ACTIVITY
Return the line that has "Платье zara" and all lines below it through the last, exactly as they stand; omit pictures.

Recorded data
---+---

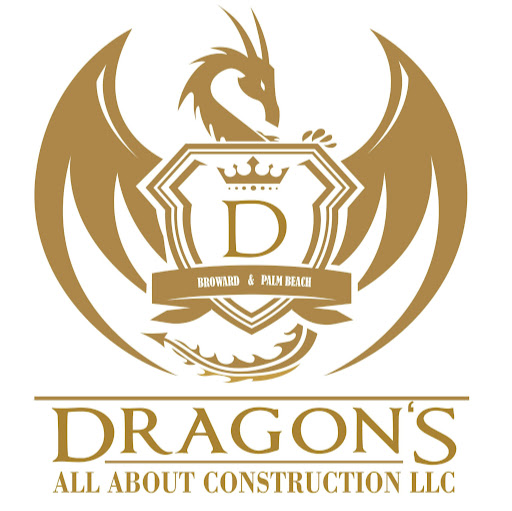 Dragon's All About Construction LLC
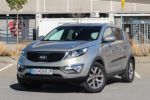 Kia Sportage 2015 na predaj – fotografia 1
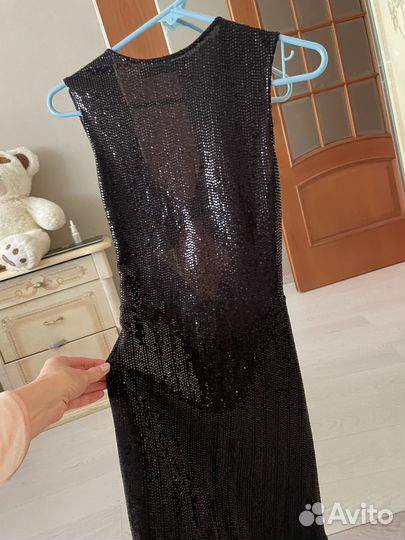 Платье zara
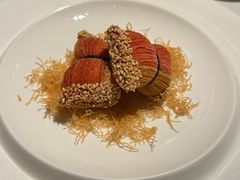 -广州富力丽思卡尔顿酒店·丽轩·粤菜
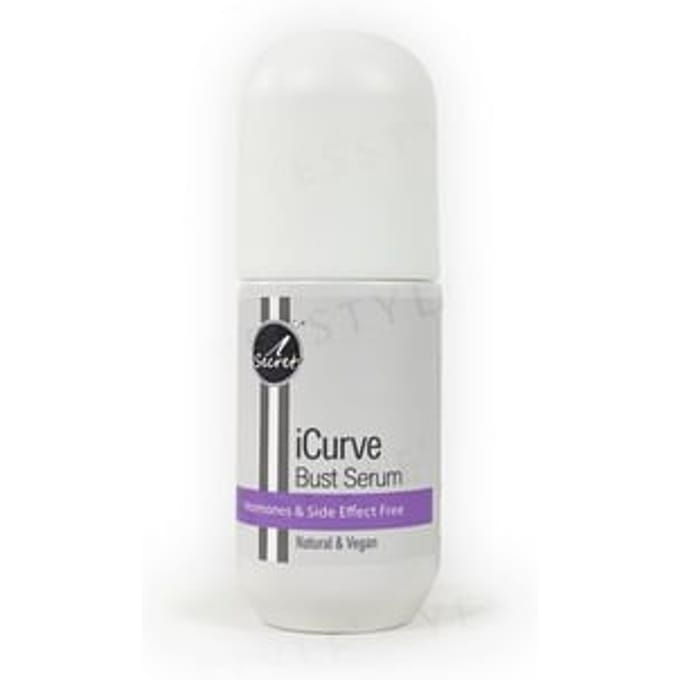 iSecret - iCurve Bust Serum 50ml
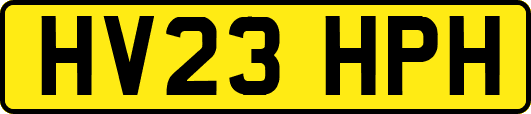 HV23HPH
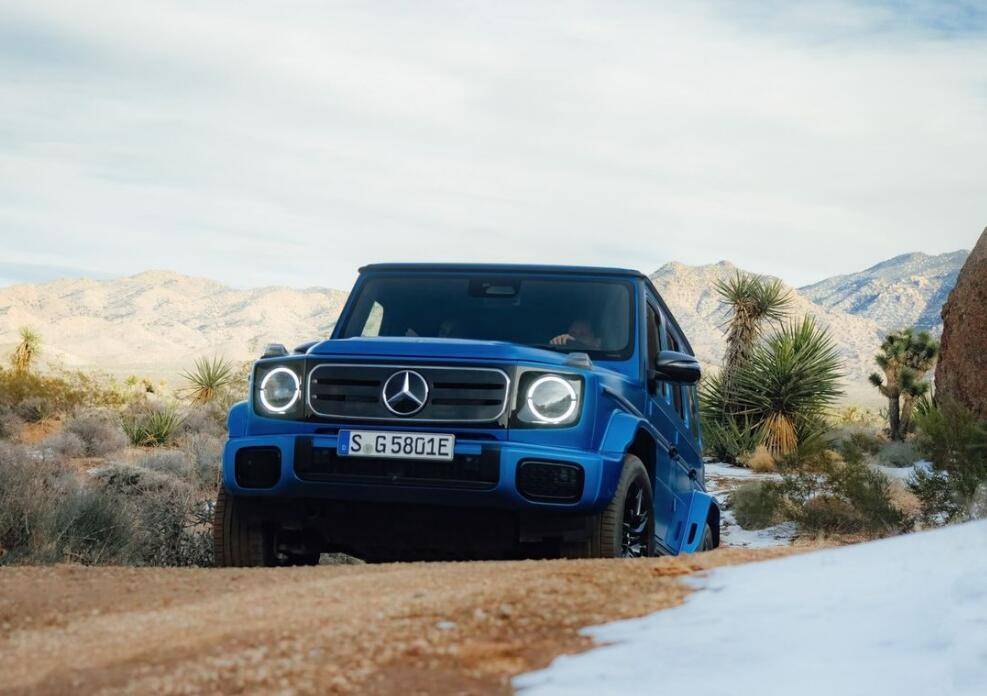 準(zhǔn)備好銀子 四款德系豪華新車來(lái)襲 奔馳E級(jí)長(zhǎng)軸插混版領(lǐng)銜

---+---

SOLUTION TO THIS PROBLEM
 Платье zara
 -广州富力丽思卡尔顿酒店·丽轩·粤菜
 iSecret - iCurve Bust Serum 50ml
 HV23HPH
 準(zhǔn)備好銀子 四款德系豪華新車來(lái)襲 奔馳E級(jí)長(zhǎng)軸插混版領(lǐng)銜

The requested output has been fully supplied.